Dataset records
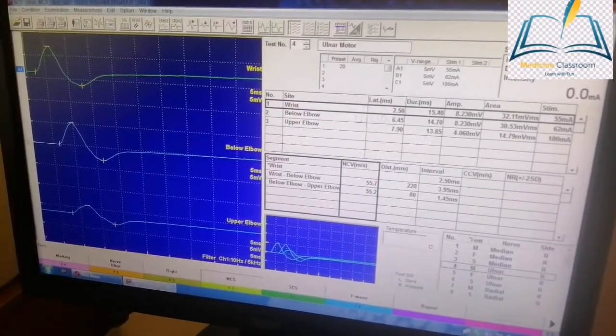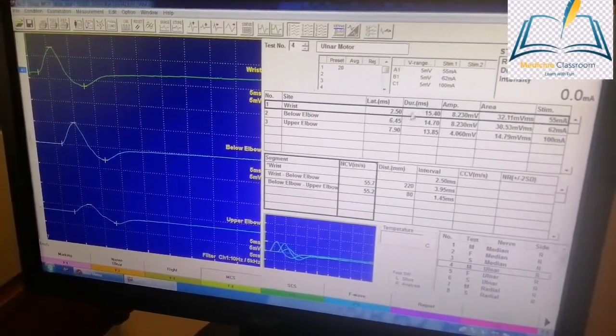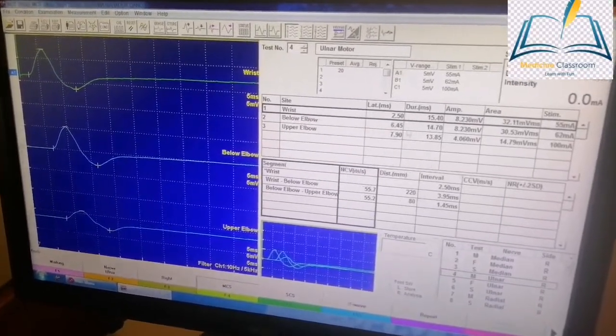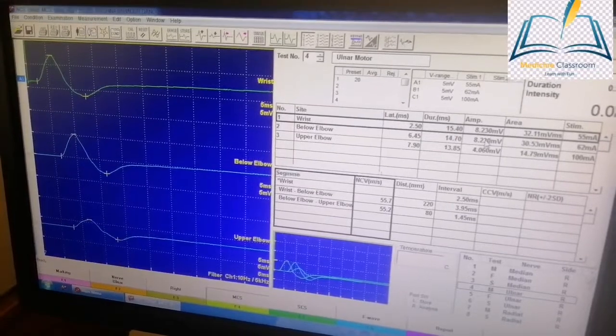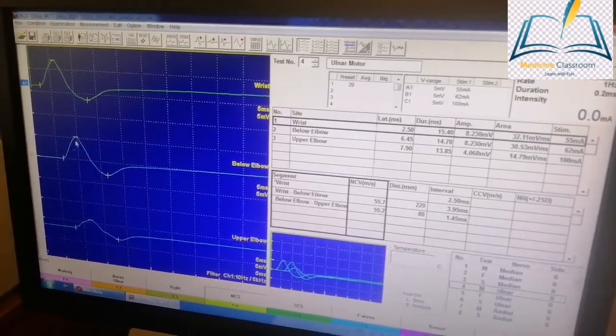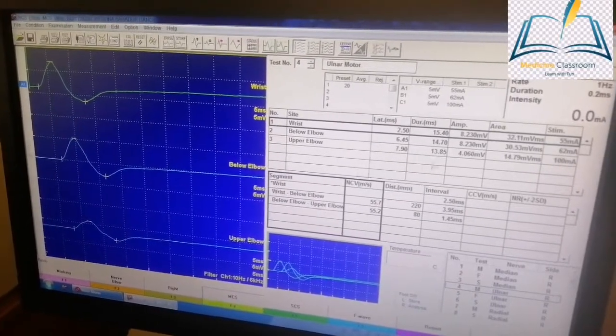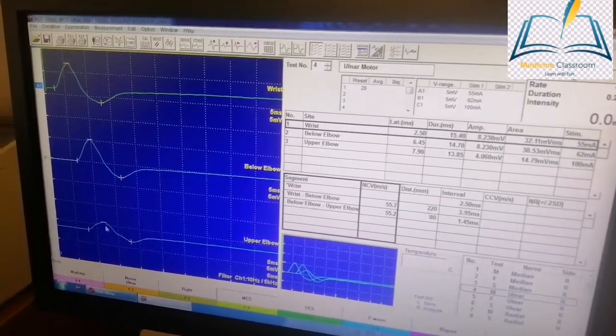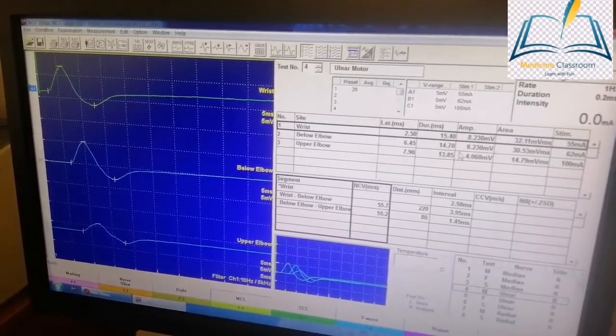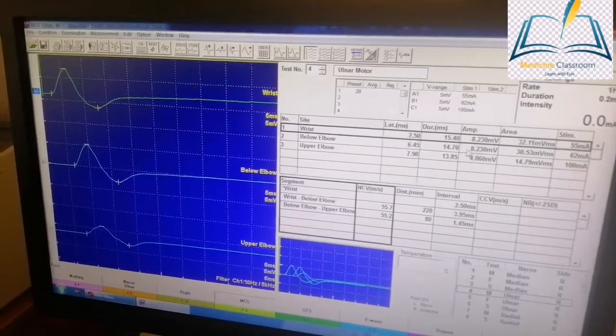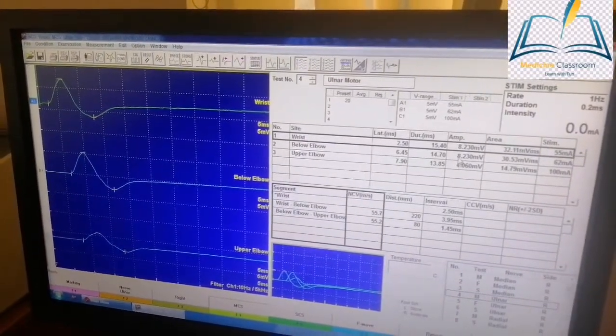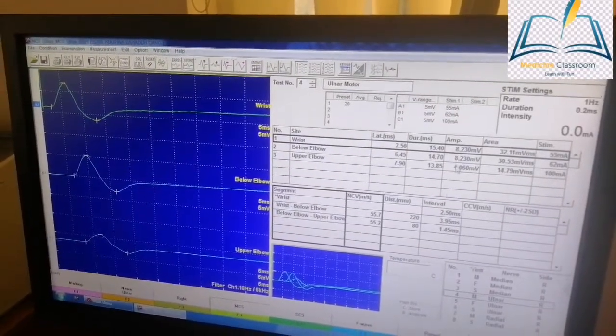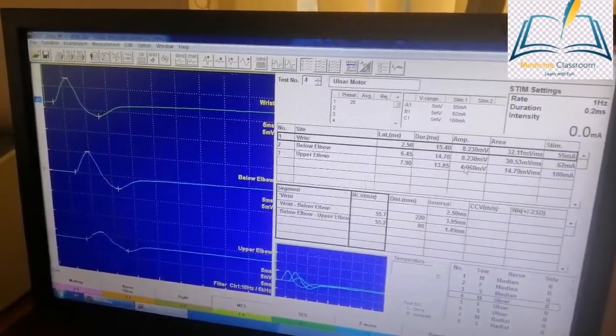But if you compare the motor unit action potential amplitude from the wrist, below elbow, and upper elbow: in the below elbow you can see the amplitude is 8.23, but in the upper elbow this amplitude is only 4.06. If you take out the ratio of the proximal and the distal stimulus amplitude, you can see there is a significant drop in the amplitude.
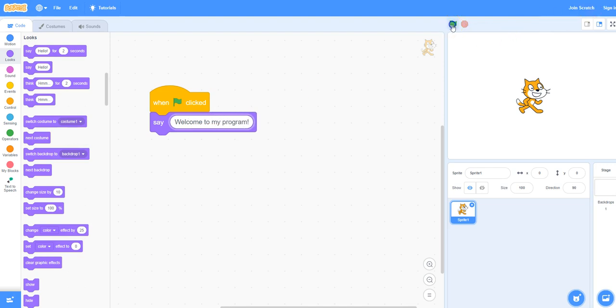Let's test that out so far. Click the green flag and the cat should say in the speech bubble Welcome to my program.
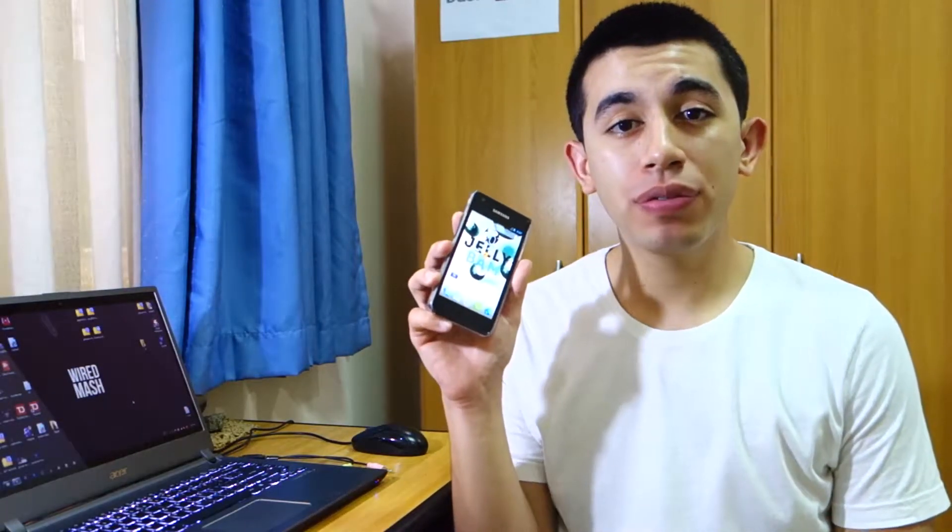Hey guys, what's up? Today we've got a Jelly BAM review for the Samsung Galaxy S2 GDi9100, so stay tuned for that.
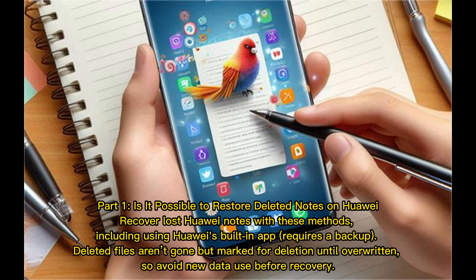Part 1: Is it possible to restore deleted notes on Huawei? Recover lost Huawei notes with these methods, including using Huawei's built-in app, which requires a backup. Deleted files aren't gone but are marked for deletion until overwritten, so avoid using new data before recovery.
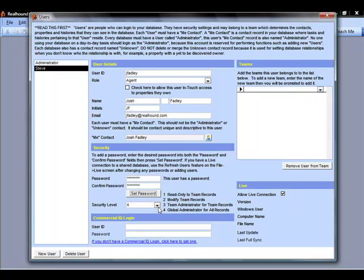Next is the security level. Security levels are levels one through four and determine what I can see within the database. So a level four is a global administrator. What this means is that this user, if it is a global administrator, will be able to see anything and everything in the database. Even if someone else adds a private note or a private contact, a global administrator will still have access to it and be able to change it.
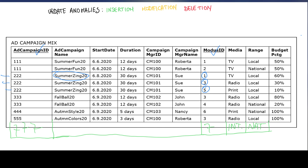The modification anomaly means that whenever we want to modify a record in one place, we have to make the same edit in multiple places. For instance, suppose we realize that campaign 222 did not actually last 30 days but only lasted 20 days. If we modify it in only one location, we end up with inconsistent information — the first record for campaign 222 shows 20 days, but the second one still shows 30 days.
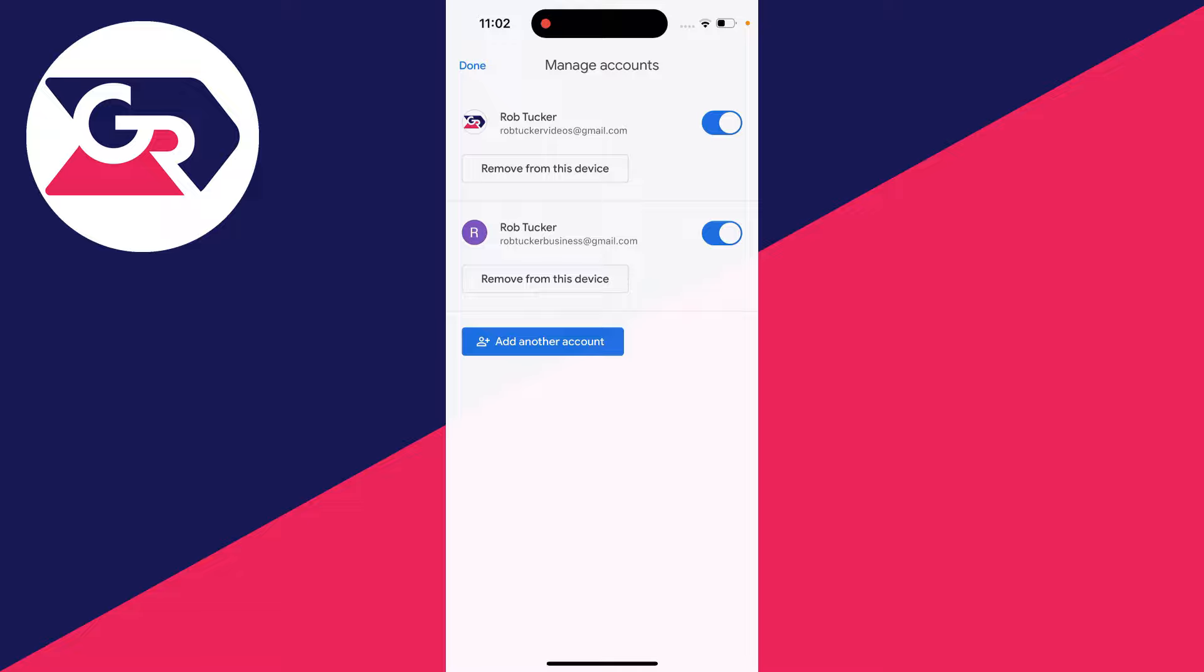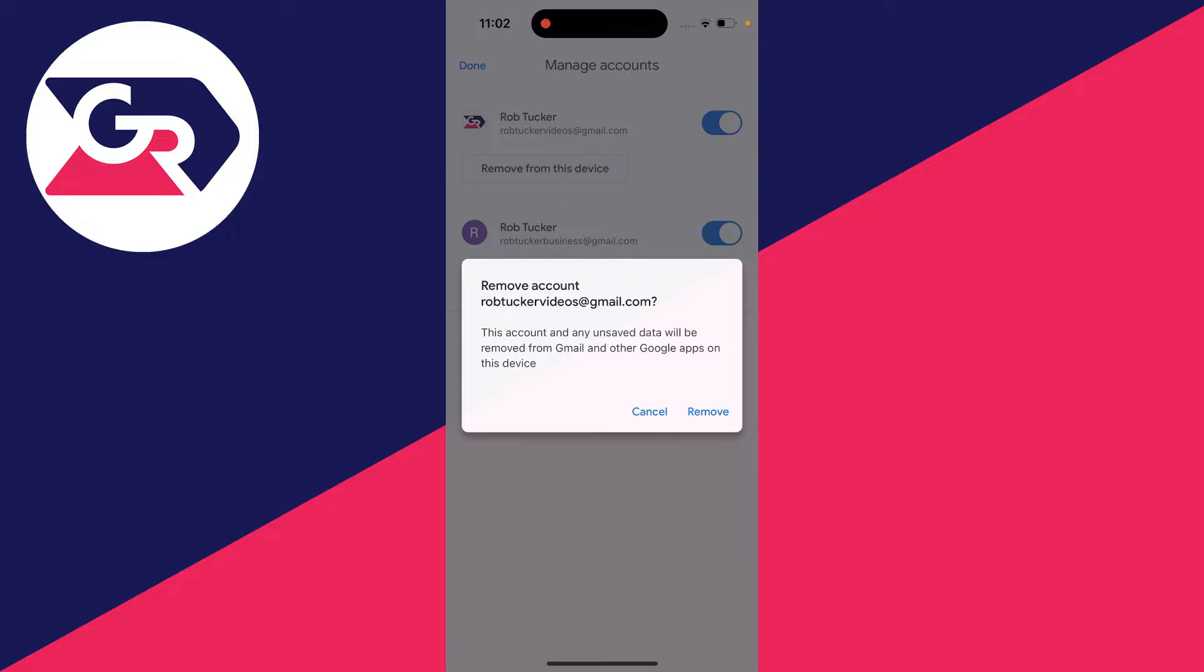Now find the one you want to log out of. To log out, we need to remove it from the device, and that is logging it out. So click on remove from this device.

### Work required:
Retype the entries above word for word, minus any images.

### Exercise answer:
But if you compare the motor unit action potential amplitude from the wrist, below elbow, and upper elbow: in the below elbow you can see the amplitude is 8.23, but in the upper elbow this amplitude is only 4.06. If you take out the ratio of the proximal and the distal stimulus amplitude, you can see there is a significant drop in the amplitude.
Let's test that out so far. Click the green flag and the cat should say in the speech bubble Welcome to my program.
Hey guys, what's up? Today we've got a Jelly BAM review for the Samsung Galaxy S2 GDi9100, so stay tuned for that.
Part 1: Is it possible to restore deleted notes on Huawei? Recover lost Huawei notes with these methods, including using Huawei's built-in app, which requires a backup. Deleted files aren't gone but are marked for deletion until overwritten, so avoid using new data before recovery.
Next is the security level. Security levels are levels one through four and determine what I can see within the database. So a level four is a global administrator. What this means is that this user, if it is a global administrator, will be able to see anything and everything in the database. Even if someone else adds a private note or a private contact, a global administrator will still have access to it and be able to change it.
The modification anomaly means that whenever we want to modify a record in one place, we have to make the same edit in multiple places. For instance, suppose we realize that campaign 222 did not actually last 30 days but only lasted 20 days. If we modify it in only one location, we end up with inconsistent information — the first record for campaign 222 shows 20 days, but the second one still shows 30 days.
Now find the one you want to log out of. To log out, we need to remove it from the device, and that is logging it out. So click on remove from this device.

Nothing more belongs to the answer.